Propensity predictions indicate the likelihood of an individual to perform a defined action (buy, buy again, churn, etc.), which enable businesses to grow and retain revenue by engaging with the right customers, leads, or audiences at the right time. To get accurate propensity predictions, you need a good propensity model. Here’s how Faraday approaches propensity modeling.
Our prediction system classifies against outcomes using an array of predictive algorithms, including individual decision trees, random decision forests, logistic regressions, and neural networks. At run time, we are attempting, in each case, to figure out which algorithm works best. Usually it’s random decision forests.
Random decision forests are made up of individual decision trees, which are classifier algorithms that look like flow charts, showing the choices made to reach a certain outcome.
Predictions aren’t based on a single tree, though; we use dozens of trees to improve the accuracy of the algorithm, hence the random decision forest. We look at the universe of trees, their splits and branches, and choose the ones that are the most promising when it comes to creating a path towards the desired outcome. This path leads from seemingly arbitrary data to a classification: the “yes” or “no” to the outcome. In other words, we're defining someone as a “good potential customer.” (In the image above, the “yes” is “mostly converted” and the “no” is the “mostly did not convert.”)

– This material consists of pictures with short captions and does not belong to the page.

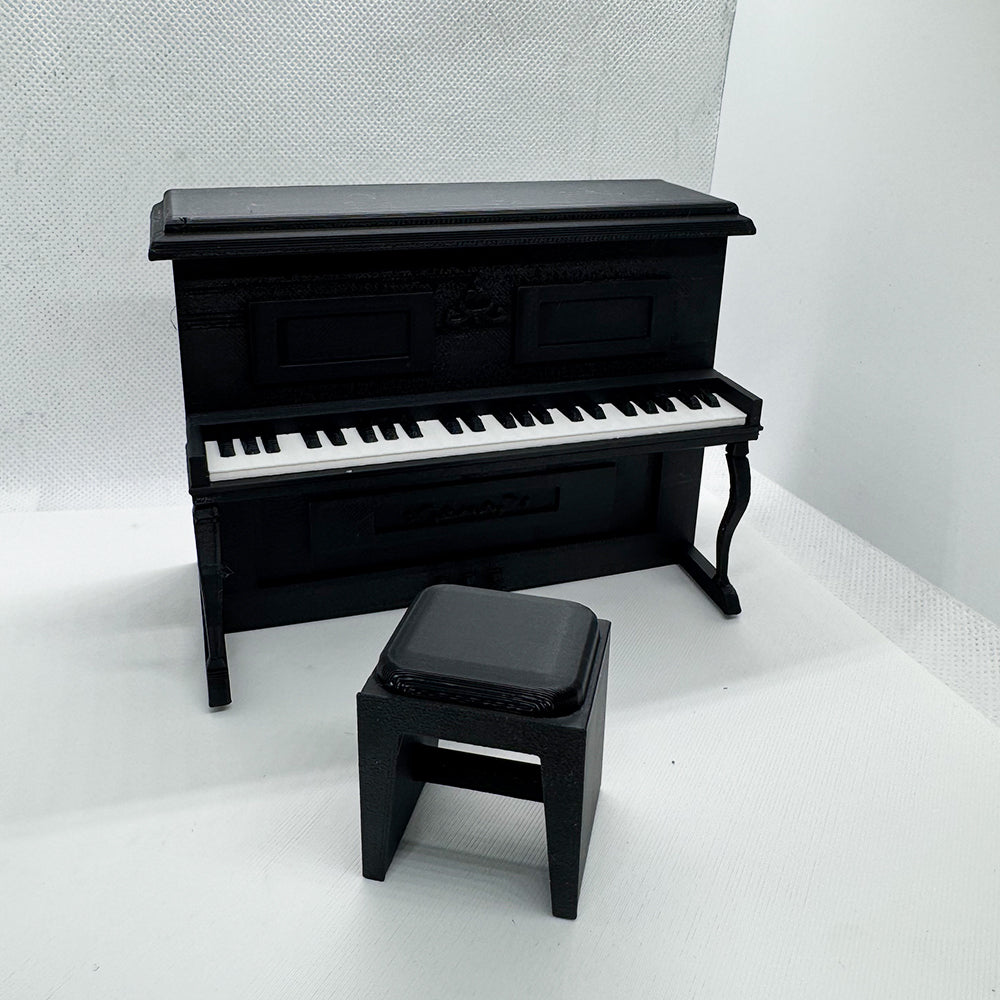 LYTP12021 1/12 Vintage Piano And Stool Set Gallery Dollhouse Miniature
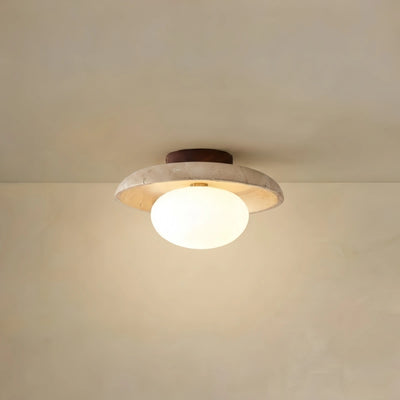 Strata Minimalist Travertine Ceiling Light – Natural Stone & Glass  for Living Room, Bedroom, Hallway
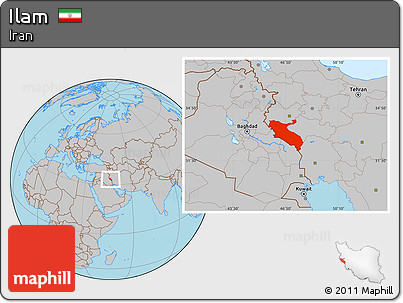Gray Location Map of Ilam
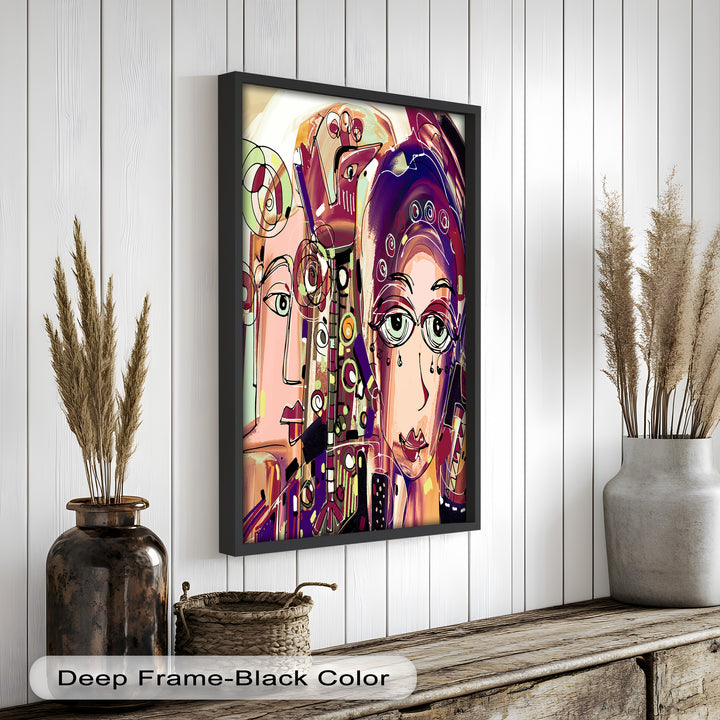Whispers in Color – Dual Faces with Expressive Eyes Picasso Oil Painting
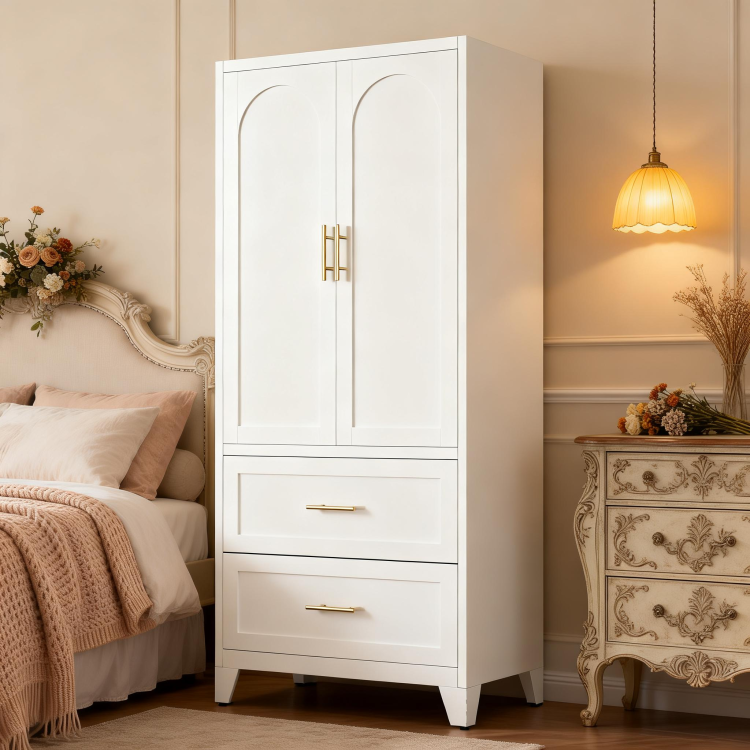 71" Tall Metal Wardrobe Cabinet With 2 Drawers And Hanging Rod, 2 Doors Wardrobe Closet With Shelf For Bedroom, Office, Laundry Room,Entryway ,Foyer,Guesthouse White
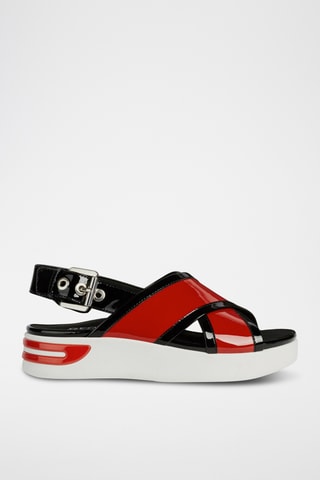 Sandales plateformes en cuir verni Ottaya - Noir et rouge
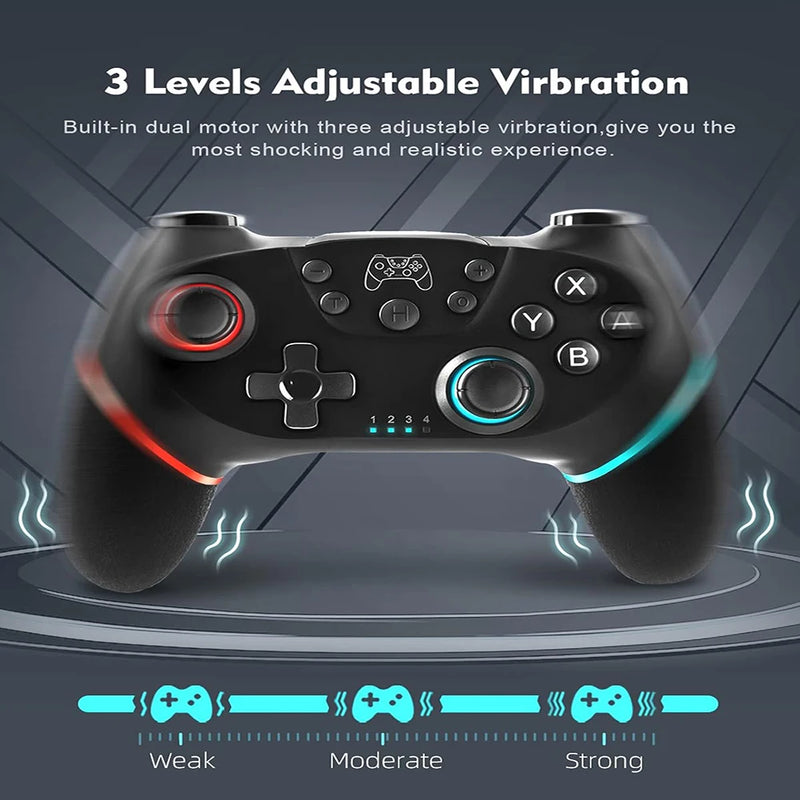 Controle sem fio Gamepad compatível com Nintendo Switch/NS Lite/NS Oled Console Controle para Android PC Joystick com 6 eixos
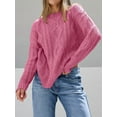 thumbnail image 3 of Women'S Oversized Cable Knit Crewneck Sweaters Pink XL, 3 of 4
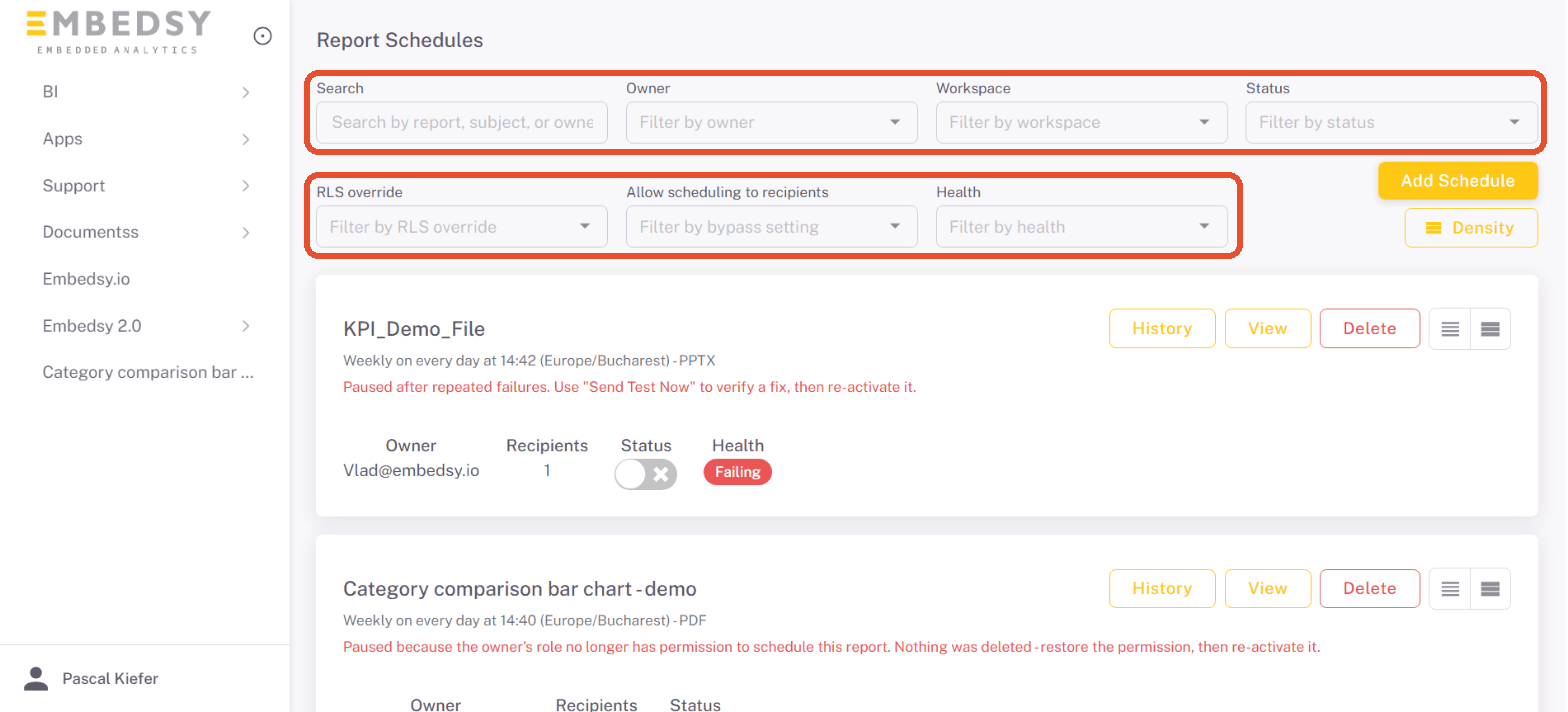 Admin Report Schedules page with its filters highlighted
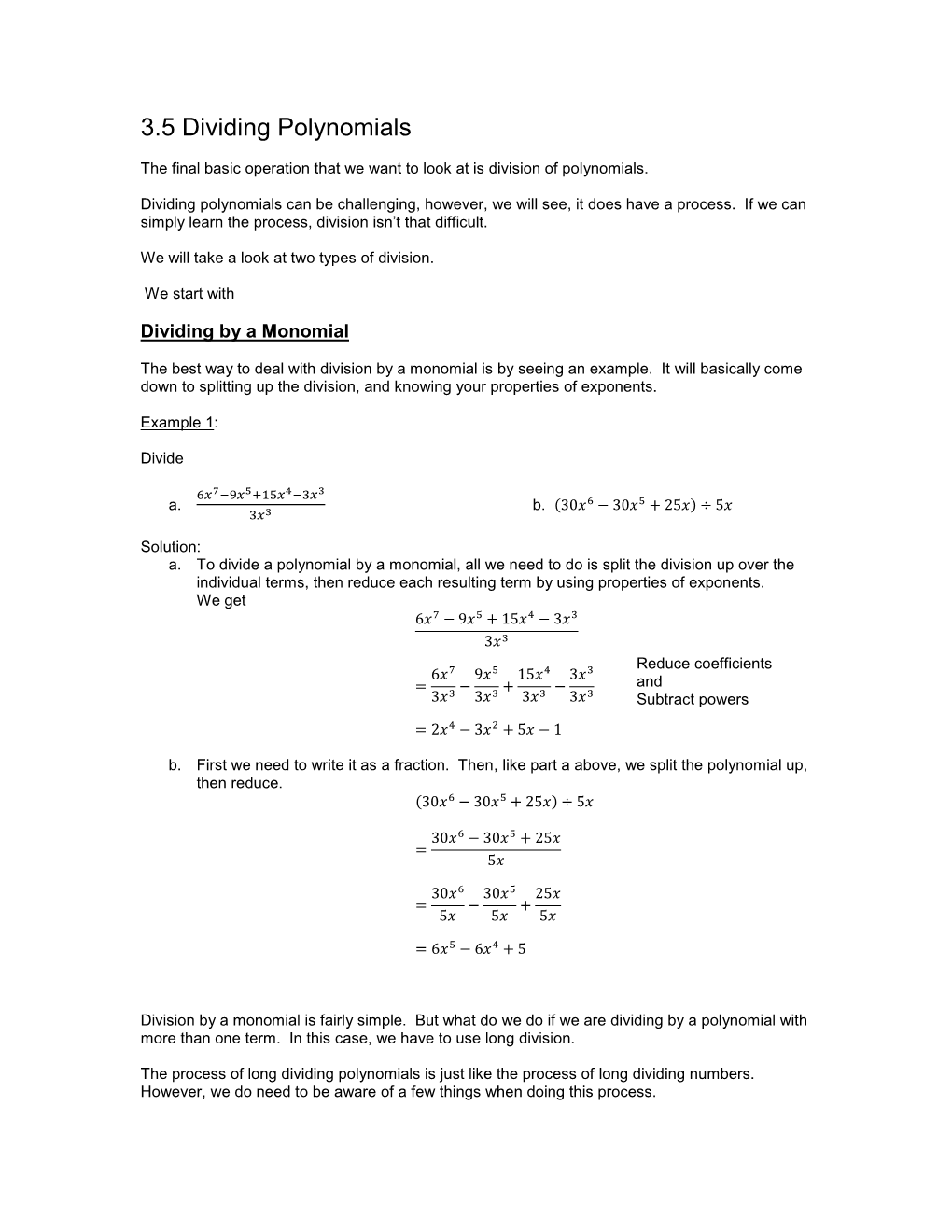 3.5 Dividing Polynomials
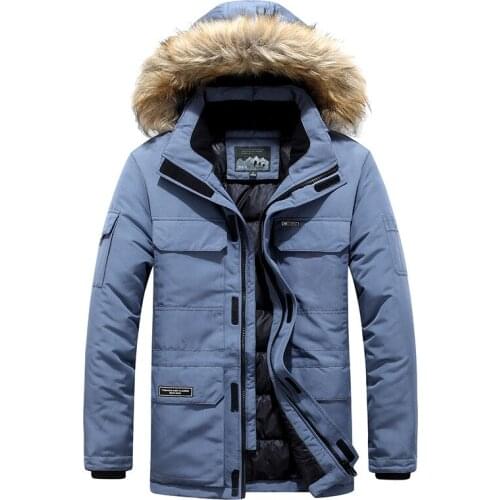 Mens Winter Jacket Casual Fur Collar Warm Thick Cotton-Padded Multi-pocket Hooded Parkas Coats Overcoat Windbreaker Jackets 6XL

While the classification seems binary, the reality is that often there's not a clear “yes” or “no.” We are dealing with the likelihood that someone performs an action, and that is never definitively 100% or 0%. During the prediction process, we employ propensity scores, which are a way of saying, “This person is more likely to be a good potential customer than not.” Every individual in the group we’re looking at is scored, and those in the top percentiles are recommended to the client as the best fits for the outcome they want to realize.
Now, if there are so many predictive algorithms we can use, why do we choose random decision forests?
Well, for one, they’re the most explainable; with so many decision trees at play, we have a strong sense of the different importances at each node split in a tree. These importances show us which attributes contribute most toward the success of an outcome, or the most toward failure.
The random decision forest technique also handles missing data very well, especially compared to a logistic regression or neural network, which both tend to require values to make predictions. In a decision tree, if there is a missing value, it moves onto the next node because there are other decision paths in the case of missing data. When you scale that to a whole random decision forest, the prediction becomes very accurate and isn’t perturbed by missing data.
A third reason we use random decision forests is collinearity. Random decision forests may see that some data are correlated — say, mortgage value and income. A lot of the attributes the algorithm deals with are linearly related but don’t necessarily directly drive a certain customer behavior.
A random decision forest algorithm finds areas of greatest information gain, meaning that it may realize there is interdependence between attributes, but it will choose the feature that gives the algorithm the greatest leverage over the prediction. This is particularly helpful for us, as we deal with tremendous amounts of customer data, and data on humans is generally noisy and often subverts expected distributions and assumptions.
Propensity predictions are especially helpful in improving campaign targeting efforts across a number of marketing channels. By identifying individuals ranked in the top percentile of the analyzed group—those that have the highest likelihood of performing the desired action—businesses typically see improvements in efficiency metrics (cost per acquisition, return on ad spend, etc.). Here are some popular business use cases for propensity predictions:
- Reaching likely buyers
- Driving repeat purchases
- Scoring and prioritizing leads